I'm not going to write up in detail all that was presented on Monday, but highlight a few things that seemed important to me, and work out a couple of thoughts/responses of my own. I haven't yet had a chance to read the papers that were sometimes referred to at the workshop (links to them here, some are huge!) so my questions may be answered there.
- JISC’s INSPECT project, run by CeRch at KCL, has set a framework for identifying and assessing the value of significant properties (SPs), and the success of their preservation; and initiated several case studies looking at SPs in the context of sets of similar file formats (still images, moving images etc) and categories of digital object (including e-learning objects and software).
- 5 broad SP “classes” (behaviour, appearance/rendering, content, context and structure) are identified by INSPECT. These don’t seem to include space to describe the “purpose” of a digital object (DO), unless this is somehow the combined result of all other SPs. But an objective such as “fun” or “communicates a KS2 concept effectively to the target audience” needs to be represented, especially for complex, service-level resources. Preserving behaviour or content but somehow failing to achieve the purpose would be to miss the point.
- Something I’m still unclear on: is it that a range of SPs are identified that can be given a value of significance for a given “medium” or format? Or is it that a set of SPs is identified for a format, and the value given according to each instance (or set of instances) submitted for presentation? In other words, it a judgement made of the significance of a property for a format/medium, or for a given preservation target?
- Once identified, SPs provide a means for measuring the success of preservation of a file format (whether the preservation activities entail migration to or from that format, or emulation of systems that support it).
- The two classes of object explored in the workshop (software and e-learning objects) are typically compound, and are much more variable than file formats. They will inherit some (potential) SPs from their components, but others (many behaviours, for example) may be implicit in the whole assemblage.
- Andrew Wilson (keynote speaker, NAA) raised the importance of authenticity. His archivists’ point of view of this concept is not identical with that in museums, or that which I'm using in my research, but it’s useful nonetheless.
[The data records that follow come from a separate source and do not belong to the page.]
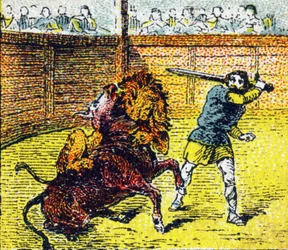 Pepin Le Brief desce à arena para abater o leão que tinha acabado de saltar para o pescoço do touro. Gravação no "Histoire de France". Série de imagens publicitárias publicadas em nome de Louit, 24 rue d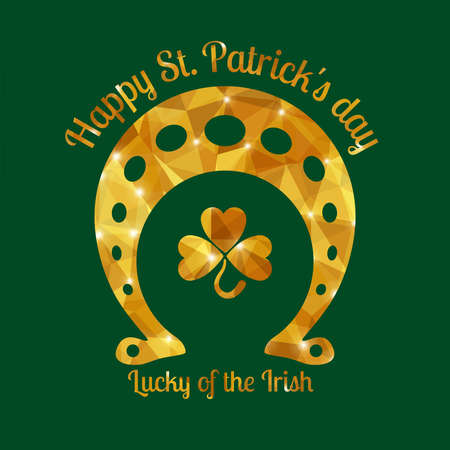 Happy St. Patrick's Day Greeting card. Vector illustration. Geometric, polygonal background. Luck of the Irish.のイラスト素材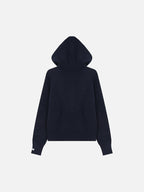 Horn-Button Hooded Boxy Knit Cardigan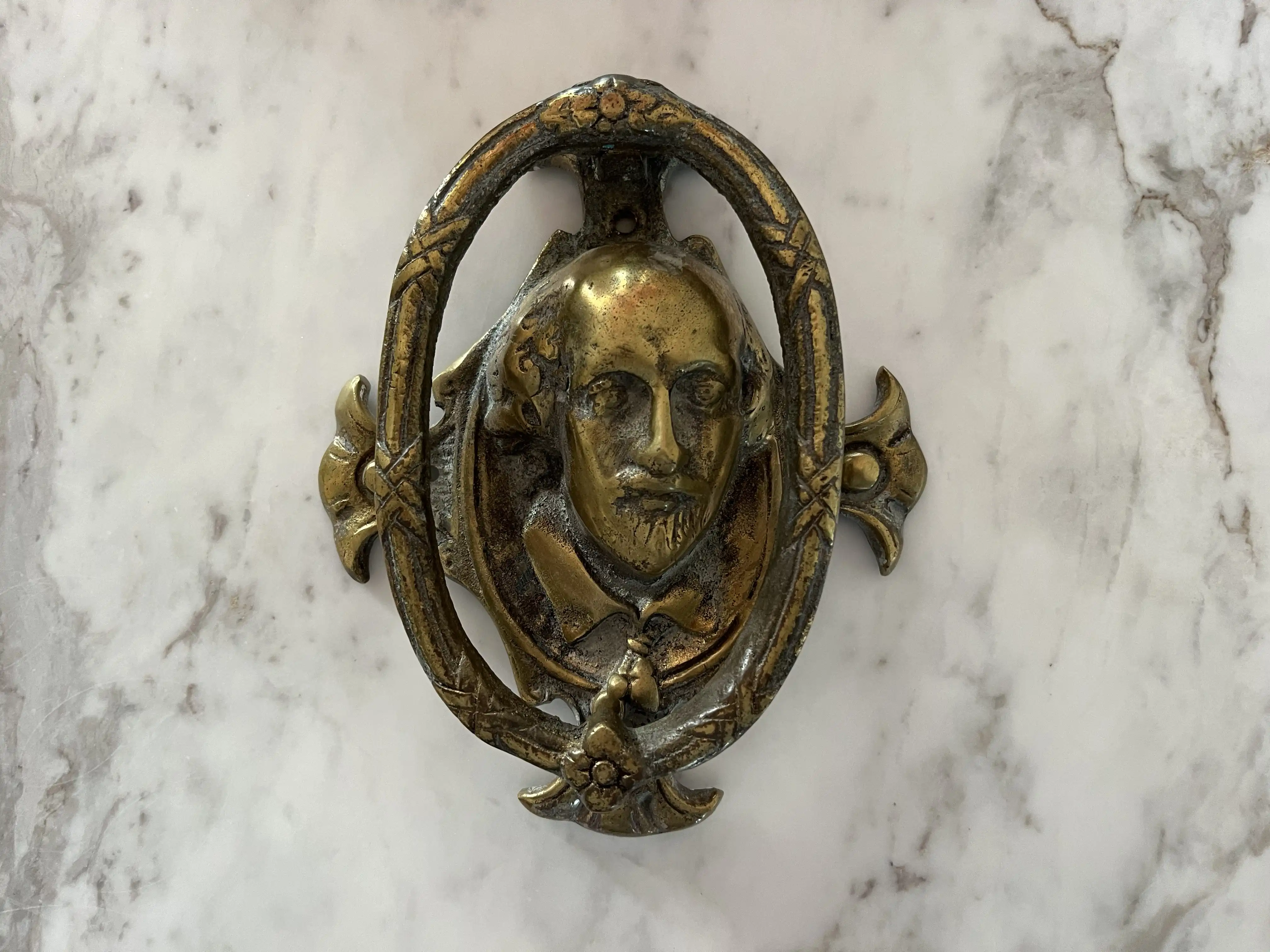 English Brass Shakespeare Door Knocker 6 English Brass Shakespeare Door Knocker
I have, however, already discarded it as a significant property for most museum digital resources, with the exception of the special case of DRs held as either evidence, or accessioned into collections. Archivists’ focus on informational value and “evidence” as the core measure of (and motivation for) authenticity isn’t always useful for DRs, but it is nice and clear-cut.
- The software study drew out the differences between preservation for preservation’s sake – the museum collecting approach – and preservation for use, where the outputs are the ultimate measure of success. The SPs for these scenarios differ.This paper was very interesting, and perhaps (along with the Learning Objects paper) came closest to my own concerns, but the huge variety of material under the banner of “software” clearly makes it very difficult to characterise SPs. The result is that many of those identified look more like preservation challenges than SPs in themselves. Specifically, dependencies of various sorts might count as a significant property in a “pure preservation” scenario; but in most cases they are, more likely, simply a challenge to address to maintain significant properties of other sorts, such as functionality, rendering, and the accuracy of the outputs.
- I suggested in Q&As that my reason for being interested in SPs probably differed from that of a DO-preserving project or organisation, although they have plenty in common. Andrew Wilson said that he saw the sort of preservation (sustaining value) that I was talking about as being the same as preserving in the archiving sense. I disagree, in part at least, because:
- He made the case for authenticity. This doesn’t apply when one is using SPs to help planning for good management, where we just want to make sure that we’re making best use of our resources.
- For me, SPs could prove an important approach for planning new resources, whilst for archives they are primarily for analysing what they’ve received and need to preserve (although they could in theory feed into future formats, or software purchasing decisions)
- Whilst for preservation purposes it may often be necessary to decide at a batch or format level what SPs are highly valued and hence what efforts will be invested in their maintenance, for questions of managing complex resources for active use, case-by-case decisions (based on idiosyncratic SPs?) may be the norm.
- For preservation, the “designated community” is essentially a presumptive audience, whose needs should be considered. For museums looking to maximise value from their resources, the SPs will reflect the needs of the museum itself (its business objectives and strategic aims), although ultimately various other audiences are the targets of these objectives. Perhaps there’s not so much difference here.
- Fundamental to all these differences is the fact that for archives etc, the preservation operation in which they are engaged is the core activity of the organisation. In other situations, like planning for sustainability, it is not preservation of a digital object, but its continued utility in some form (any form), i.e. the continued release of value, that counts.
These differences are largely of degree, but to me there is still a worthwhile distinction between preservation and sustainability. In a sense, preservation is the action and sustainability the continued ability to perform that action, so SPs are a way of reconciling preservation with the need for it to be sustainable. Perhaps the lack of a category that outlines the objectives, rather than the behaviour, of a digital object reflects this difference between preserving and sustaining.